If you do have the opportunity to eat at SoFi Stadium during the World Cup, though, this is what I’d recommend.
What to order
- The security perimeter is huge and the inter-agency law enforcement presence is unprecedented, but never fear — you can still get a $2 shot of tequila poured from a cooler full of rapidly melting ice into a tiny plastic cup right outside the gate. (Shot prices more than doubled over the course of the game — afterwards a pour of the same mid tequila was $5. Still a good deal, though.)
- Beers inside the stadium run for about $20; a big can of Estrella Jalisco is probably the move. Be kind to your bleary-eyed bartender — one of them told us they arrived at 7 a.m. — and you may be rewarded; one person in our group ordered a double tequila and soda, but got a triple when the bartender accidentally poured an extra shot, realized it, then shrugged and handed it to us anyway with a conspiratorial wink.
- The vendors are mostly serving standards: lines for pizza, burgers, and barbecue were lengthy. Still, the stall with burritos and Tostilocos hit all the right chewy, crunchy, salty, sweet notes and was decidedly less crowded.
- When the jumbotron camera cut to Star Wars creator George Lucas, he was crushing a sandwich that looked actually very good. After they cut away, I took a walk to figure out which sandwich he was eating (if it’s good enough for the man who dreamed up Bantha Milk, it’s good enough for me), but couldn’t determine for sure. Let me know if you know.

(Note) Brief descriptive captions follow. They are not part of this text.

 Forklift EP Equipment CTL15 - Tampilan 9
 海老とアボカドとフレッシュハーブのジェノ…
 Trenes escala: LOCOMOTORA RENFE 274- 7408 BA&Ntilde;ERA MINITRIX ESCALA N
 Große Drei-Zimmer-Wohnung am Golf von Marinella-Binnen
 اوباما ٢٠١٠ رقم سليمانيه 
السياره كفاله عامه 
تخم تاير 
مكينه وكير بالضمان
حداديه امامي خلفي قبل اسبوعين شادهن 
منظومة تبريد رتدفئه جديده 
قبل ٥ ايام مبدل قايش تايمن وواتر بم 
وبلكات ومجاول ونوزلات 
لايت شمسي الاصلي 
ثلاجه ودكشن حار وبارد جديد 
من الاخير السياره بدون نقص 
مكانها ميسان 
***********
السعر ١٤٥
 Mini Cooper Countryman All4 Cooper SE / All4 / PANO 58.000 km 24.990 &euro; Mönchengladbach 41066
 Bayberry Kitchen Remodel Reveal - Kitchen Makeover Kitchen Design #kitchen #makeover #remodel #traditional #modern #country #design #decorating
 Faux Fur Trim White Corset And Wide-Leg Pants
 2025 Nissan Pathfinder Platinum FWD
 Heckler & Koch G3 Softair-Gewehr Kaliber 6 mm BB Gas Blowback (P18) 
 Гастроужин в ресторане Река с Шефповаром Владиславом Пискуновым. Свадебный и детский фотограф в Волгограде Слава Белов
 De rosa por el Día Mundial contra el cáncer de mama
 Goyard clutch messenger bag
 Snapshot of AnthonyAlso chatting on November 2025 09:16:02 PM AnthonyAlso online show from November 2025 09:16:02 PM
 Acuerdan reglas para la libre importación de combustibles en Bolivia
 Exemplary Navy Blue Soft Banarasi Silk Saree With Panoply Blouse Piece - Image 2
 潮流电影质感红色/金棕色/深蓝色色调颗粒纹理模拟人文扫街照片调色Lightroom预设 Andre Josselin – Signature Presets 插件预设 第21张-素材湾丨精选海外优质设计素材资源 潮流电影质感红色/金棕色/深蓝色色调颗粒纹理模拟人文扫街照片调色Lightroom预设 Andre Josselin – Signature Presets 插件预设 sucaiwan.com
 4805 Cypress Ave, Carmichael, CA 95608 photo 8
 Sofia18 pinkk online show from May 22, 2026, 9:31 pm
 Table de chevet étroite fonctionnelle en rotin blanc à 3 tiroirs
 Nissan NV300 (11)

- There are food trucks set up inside the ticketed perimeter but outside the actual grandstands. Oaxaca on Wheels, Curbside Kitchen, and Messi Burger remain good bets, while the slightly hidden location around the stadium edges keeps lines shorter.
- After the game, the vendors returned. There were a ton of hot dog carts, and I’m glad foreign visitors will get to enjoy the perfume of processed meat and onions that has become so integral to live events in Los Angeles.
Make a day of it
Take the full day to maximize your experience. Start with a meal somewhere nearby and leave plenty of time to walk a mile or two into the stadium, soak in the atmosphere, and maybe visit the Doritos Loaded Fan Zone for an extremely corporate brand activation that actually seemed pretty lit. After the game it will also be madness around the stadium as everyone streams out at once, chanting, shouting, singing, eating hot dogs, and doing tiny shots, so prepare to take your time leaving. Maybe keep the party going at Chili’s on the other side of Century Boulevard.
Insider tip
Parking is wildly expensive and the scene is such chaos that I’d caution against driving. Take a direct shuttle from one of the many pickup points at transit centers across the region, which is just $1.75 and full of fellow fans; the energy on the bus is high. If you want to take a rideshare car, walk well outside of the immediate vicinity before you call it to save everyone time (and money).
The takeaway
The World Cup crowd at the match I attended was invested and joyful; nobody in my section seemed bothered by the splatters of beer that rained across our backs after Gio Reyna’s buzzer-beating trivela goal. As we left, a jovial stranger carrying a hot dog pushed past us and over to one of the coolers full of Modelo for sale. Scattered chants of “U.S.A.” echoed around the parking lot as 70,000 people headed home. “I’ve never felt more American,” I heard him say as he picked out his can.